**** Data listing

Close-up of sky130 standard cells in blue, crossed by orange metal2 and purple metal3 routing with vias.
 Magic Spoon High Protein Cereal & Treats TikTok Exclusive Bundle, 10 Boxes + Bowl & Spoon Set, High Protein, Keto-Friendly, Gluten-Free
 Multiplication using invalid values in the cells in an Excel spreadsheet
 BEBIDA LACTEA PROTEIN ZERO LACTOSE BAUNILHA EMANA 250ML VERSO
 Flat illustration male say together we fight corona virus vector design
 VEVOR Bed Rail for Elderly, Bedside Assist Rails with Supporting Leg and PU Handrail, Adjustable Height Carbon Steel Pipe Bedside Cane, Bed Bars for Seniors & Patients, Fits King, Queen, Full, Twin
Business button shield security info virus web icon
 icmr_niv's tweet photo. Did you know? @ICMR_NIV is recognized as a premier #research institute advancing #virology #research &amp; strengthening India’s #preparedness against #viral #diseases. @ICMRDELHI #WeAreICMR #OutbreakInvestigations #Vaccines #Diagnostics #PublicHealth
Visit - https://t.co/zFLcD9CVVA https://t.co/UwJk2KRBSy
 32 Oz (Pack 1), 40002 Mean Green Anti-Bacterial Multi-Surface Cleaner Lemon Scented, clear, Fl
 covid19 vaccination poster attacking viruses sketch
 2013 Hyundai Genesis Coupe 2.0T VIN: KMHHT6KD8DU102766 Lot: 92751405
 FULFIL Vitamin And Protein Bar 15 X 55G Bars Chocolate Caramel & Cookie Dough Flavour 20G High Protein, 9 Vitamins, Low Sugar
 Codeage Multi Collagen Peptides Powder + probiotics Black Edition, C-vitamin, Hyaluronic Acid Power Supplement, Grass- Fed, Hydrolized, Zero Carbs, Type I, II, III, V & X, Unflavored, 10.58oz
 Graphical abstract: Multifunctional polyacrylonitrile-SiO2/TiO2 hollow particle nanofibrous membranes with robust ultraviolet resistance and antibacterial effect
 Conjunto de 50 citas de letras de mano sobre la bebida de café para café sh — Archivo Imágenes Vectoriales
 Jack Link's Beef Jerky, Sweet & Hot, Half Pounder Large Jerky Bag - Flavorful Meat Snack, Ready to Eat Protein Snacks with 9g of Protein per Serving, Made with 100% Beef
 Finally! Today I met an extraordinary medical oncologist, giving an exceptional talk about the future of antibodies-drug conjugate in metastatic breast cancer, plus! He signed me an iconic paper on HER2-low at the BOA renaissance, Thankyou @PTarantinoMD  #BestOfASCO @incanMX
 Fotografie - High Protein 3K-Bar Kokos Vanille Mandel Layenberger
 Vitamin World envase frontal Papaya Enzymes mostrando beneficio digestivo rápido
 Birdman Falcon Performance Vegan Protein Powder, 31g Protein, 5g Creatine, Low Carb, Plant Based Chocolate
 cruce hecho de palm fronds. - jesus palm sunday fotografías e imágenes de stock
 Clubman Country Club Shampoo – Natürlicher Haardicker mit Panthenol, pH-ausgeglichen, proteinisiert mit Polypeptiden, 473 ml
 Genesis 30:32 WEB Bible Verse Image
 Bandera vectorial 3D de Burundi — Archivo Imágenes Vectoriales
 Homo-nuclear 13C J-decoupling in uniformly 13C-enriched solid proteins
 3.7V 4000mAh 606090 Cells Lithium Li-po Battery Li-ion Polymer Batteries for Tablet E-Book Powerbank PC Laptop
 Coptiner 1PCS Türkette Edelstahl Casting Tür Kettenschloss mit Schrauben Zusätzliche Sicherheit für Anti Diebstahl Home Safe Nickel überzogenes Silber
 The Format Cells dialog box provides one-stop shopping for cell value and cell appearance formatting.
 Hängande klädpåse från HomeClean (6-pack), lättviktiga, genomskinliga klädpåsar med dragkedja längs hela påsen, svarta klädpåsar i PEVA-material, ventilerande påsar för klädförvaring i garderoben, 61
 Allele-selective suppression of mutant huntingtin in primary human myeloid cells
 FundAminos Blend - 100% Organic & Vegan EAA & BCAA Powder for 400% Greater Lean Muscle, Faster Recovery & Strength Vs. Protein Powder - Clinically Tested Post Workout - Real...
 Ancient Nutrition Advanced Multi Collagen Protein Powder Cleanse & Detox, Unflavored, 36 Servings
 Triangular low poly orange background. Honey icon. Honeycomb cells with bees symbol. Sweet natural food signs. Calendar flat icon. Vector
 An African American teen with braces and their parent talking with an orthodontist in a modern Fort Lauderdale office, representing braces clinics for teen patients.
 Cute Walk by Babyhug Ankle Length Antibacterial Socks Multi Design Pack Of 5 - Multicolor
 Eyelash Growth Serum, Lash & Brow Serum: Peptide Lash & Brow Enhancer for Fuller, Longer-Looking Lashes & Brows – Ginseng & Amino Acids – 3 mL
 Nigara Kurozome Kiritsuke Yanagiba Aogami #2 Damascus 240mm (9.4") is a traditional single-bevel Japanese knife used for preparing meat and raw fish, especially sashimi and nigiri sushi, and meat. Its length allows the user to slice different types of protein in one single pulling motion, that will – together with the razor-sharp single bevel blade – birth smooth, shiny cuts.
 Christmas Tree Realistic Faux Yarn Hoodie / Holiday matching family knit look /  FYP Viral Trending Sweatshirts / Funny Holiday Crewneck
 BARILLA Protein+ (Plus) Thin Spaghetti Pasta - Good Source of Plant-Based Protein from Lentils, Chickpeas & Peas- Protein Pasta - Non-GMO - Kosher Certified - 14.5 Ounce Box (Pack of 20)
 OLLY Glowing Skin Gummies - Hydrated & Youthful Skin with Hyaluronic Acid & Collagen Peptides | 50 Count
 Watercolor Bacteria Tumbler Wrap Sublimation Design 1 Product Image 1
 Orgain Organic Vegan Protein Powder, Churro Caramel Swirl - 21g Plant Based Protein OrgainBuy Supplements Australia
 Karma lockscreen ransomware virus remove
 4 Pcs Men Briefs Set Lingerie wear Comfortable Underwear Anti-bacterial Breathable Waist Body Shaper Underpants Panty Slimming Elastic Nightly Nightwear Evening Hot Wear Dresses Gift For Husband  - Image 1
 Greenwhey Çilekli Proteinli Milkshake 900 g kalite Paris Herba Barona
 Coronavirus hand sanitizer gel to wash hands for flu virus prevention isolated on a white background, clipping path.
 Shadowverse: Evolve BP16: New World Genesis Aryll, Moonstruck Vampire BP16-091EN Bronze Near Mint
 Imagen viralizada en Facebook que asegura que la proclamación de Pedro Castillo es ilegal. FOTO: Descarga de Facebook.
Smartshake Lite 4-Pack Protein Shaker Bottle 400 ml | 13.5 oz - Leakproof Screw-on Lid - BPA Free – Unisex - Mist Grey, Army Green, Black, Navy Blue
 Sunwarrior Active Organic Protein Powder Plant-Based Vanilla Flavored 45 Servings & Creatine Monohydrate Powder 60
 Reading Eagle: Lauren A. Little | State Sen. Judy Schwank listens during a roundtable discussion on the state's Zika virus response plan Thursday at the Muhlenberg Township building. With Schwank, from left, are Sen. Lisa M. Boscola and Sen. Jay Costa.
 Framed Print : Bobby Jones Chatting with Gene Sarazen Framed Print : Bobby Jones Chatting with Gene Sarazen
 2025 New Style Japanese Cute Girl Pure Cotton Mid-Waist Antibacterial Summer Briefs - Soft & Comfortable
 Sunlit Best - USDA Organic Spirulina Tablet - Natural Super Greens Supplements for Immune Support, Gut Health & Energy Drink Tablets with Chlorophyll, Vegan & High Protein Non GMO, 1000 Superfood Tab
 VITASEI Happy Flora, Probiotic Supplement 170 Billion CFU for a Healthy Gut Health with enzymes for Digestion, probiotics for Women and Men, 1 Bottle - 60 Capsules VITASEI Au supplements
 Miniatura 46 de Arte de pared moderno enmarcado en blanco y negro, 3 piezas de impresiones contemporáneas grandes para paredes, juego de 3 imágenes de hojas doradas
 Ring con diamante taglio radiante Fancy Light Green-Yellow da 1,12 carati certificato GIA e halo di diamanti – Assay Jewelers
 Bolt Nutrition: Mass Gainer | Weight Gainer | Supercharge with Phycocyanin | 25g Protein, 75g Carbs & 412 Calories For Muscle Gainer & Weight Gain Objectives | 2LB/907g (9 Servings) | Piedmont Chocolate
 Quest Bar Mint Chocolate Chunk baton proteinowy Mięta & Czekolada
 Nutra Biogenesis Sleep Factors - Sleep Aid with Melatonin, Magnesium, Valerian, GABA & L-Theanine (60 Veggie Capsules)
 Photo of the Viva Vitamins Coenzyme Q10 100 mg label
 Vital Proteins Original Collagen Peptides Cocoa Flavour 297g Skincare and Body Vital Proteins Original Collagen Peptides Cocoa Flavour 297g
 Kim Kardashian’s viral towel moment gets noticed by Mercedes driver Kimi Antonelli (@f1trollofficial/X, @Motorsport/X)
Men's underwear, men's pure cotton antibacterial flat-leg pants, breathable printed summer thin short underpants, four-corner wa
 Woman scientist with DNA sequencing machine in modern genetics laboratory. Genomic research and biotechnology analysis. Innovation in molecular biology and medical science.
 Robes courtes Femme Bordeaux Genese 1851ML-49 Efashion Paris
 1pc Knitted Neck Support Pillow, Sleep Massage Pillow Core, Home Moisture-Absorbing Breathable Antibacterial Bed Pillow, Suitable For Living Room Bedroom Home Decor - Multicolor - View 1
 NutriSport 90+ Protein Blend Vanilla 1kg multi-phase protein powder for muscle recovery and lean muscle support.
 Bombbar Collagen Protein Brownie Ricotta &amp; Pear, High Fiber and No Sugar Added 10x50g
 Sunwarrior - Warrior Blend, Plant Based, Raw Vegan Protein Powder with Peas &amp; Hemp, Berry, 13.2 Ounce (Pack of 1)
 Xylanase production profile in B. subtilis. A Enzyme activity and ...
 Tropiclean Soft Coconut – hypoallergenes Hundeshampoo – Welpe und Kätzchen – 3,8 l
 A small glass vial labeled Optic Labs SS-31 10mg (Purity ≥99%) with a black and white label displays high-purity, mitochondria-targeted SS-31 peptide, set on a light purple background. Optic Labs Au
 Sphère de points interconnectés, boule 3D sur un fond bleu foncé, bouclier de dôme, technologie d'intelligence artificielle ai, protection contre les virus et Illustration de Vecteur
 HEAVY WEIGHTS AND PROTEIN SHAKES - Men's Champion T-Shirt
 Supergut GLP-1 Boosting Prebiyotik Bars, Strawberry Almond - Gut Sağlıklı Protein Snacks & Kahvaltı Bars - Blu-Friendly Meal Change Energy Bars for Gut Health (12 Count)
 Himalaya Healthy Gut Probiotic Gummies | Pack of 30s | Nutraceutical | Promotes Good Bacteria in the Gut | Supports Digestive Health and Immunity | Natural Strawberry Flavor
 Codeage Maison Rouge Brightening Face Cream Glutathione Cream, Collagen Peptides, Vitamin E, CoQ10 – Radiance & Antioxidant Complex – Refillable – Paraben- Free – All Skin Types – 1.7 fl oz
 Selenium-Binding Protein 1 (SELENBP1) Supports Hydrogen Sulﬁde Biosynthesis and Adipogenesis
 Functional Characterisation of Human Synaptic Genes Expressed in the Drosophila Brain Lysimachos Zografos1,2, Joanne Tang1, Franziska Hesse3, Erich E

********

What you need to do: Could you return all lines from the data above that contain the string "Tablet"?

Written reply:
 3.7V 4000mAh 606090 Cells Lithium Li-po Battery Li-ion Polymer Batteries for Tablet E-Book Powerbank PC Laptop
 Sunlit Best - USDA Organic Spirulina Tablet - Natural Super Greens Supplements for Immune Support, Gut Health & Energy Drink Tablets with Chlorophyll, Vegan & High Protein Non GMO, 1000 Superfood Tab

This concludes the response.